- [Exercise]
Every line of the listing is to be returned exactly as given.

- [Raw data]
────────────────

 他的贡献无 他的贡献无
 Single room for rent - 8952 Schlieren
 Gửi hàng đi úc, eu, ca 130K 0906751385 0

────────────────

- [Solution to this task]
 他的贡献无 他的贡献无
 Single room for rent - 8952 Schlieren
 Gửi hàng đi úc, eu, ca 130K 0906751385 0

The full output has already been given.